How a store where everyone is an owner works

In a normal store it’s simple: the owner buys goods cheaply, sells them for more, and pockets the difference. Customers just buy and leave. But REI works differently. When you buy a tent or sleeping bag there, you’re not just a customer — you’re a cooperative member, a small co-owner of that big store.

At the end of each year REI totals how much it earned and shares part of the profit among all members. This is called a "dividend." If you bought goods worth 10,000 rubles in a year, the store will return roughly 1,000 rubles to you. That money can be spent on new purchases or received as cash. Sounds unbelievable, right?

Here’s how it differs from regular stores:

Regular store REI (cooperative)
Owned by a single person or company Owners — all customers (more than 23 million people)
Profit goes to the owner Profit is shared among members
Customer pays and leaves Customer gets money back every year
Store decides what to sell Members vote at meetings on what they need

But the most interesting part didn’t happen when things were going well — it happened when trouble began.

The year the strange system turned out to be magical

In 2008 the U.S. experienced an economic crisis. People lost jobs, banks closed, many families couldn’t even afford food. Stores declared bankruptcy one after another. Experts said: "People will stop buying expensive items like outdoor gear. REI will surely close."

But the opposite happened. REI members not only didn’t stop buying — they bought more! Why? Because they knew: every dollar spent would partly come back to them. This wasn’t just spending money, it was investing in their own store.

Journalist Sarah Miller from Portland later recounted: "My husband and I lost our jobs in 2009. We had almost no money. But we knew that in a year we'd get an REI dividend — about $200. We deliberately saved and bought all our hiking gear at REI because we understood: this wasn’t just spending, it was a way to hold onto money and get it back when we needed it." Her family couldn’t afford an expensive hotel vacation, but they could buy a tent and sleeping bags. The dividend helped offset the cost.

Thousands of families were like that. People began to think of REI as a kind of piggy bank: you spend money on necessary items, but part of the money returns to you. In 2009, when most stores were losing customers, REI’s sales fell by only 2%. It was almost a miracle.

How the cooperative changed entire towns

But REI’s economic impact was much bigger than just the survival of one store. The company owns large stores in many cities, and each such store becomes a hub of the local economy.

When in 2016 REI announced it would close its stores on Black Friday (the biggest shopping day of the year) and send all 12,000 employees outdoors with full pay, it wasn’t just a nice gesture. It was an economic experiment. REI wanted to prove: you can make money without forcing people to work on holidays and without participating in the frantic discount race.

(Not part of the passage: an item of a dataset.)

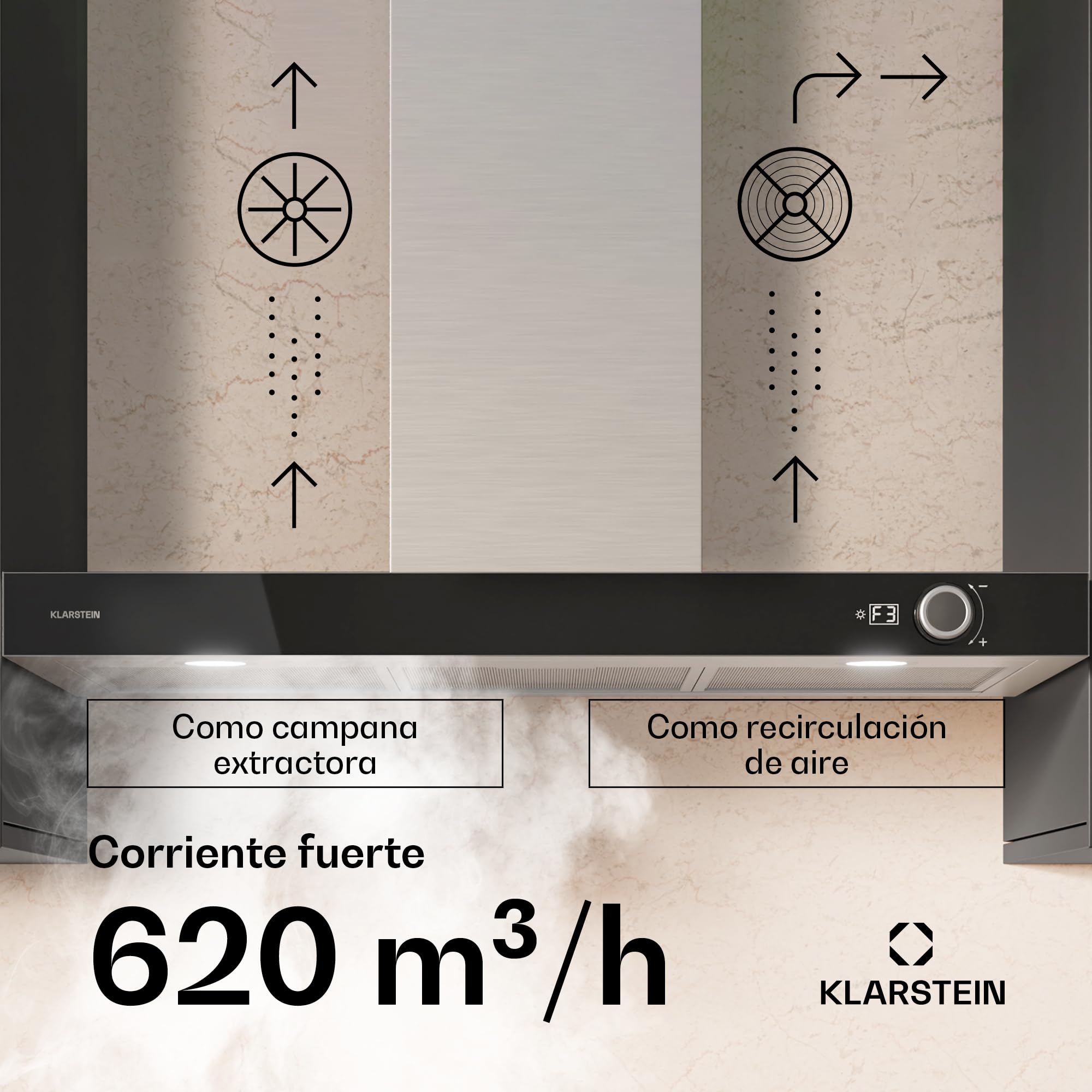 Klarstein Airnova Campana Extractora - 90Cm, 628 M³/H, A++ Eficiencia, LED 6500K, Silenciosa 68 Db, Acero Inoxidable, Recirculación & Extracción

Other companies laughed: "They’ll lose millions!" But REI barely lost anything. Moreover, online sales rose because people admired the decision and intentionally shopped at REI to support that approach. Economists calculated that REI "lost" about $10 million in sales that day, but earned five times more in customer loyalty in the following months.

That changed the industry. Dozens of other companies began closing on Black Friday, giving employees the day off. REI proved that the economy can work differently.

Why this matters to all of us

Today REI is more than just a store. It’s proof that business can operate not only for owner profit but also for people. Over its 85 years, REI has returned more than $2 billion to its members in dividends. That’s money that helped millions of families go on hikes, buy bikes for their children, and learn rock climbing.

But the most important thing is the idea. REI showed you can build an economy where customers don’t just hand over money and receive goods, but become part of something bigger. Where your purchases help not only you but your neighbors, because you are all co-owners.

Maybe when you grow up you’ll start a cooperative too — a bookstore where readers get dividends? Or a café where patrons are co-owners? REI’s story teaches us: economics aren’t just boring numbers and charts. They’re stories about people agreeing to help each other. And sometimes the strangest ideas — like a store that gives money back to customers — turn out to be the smartest.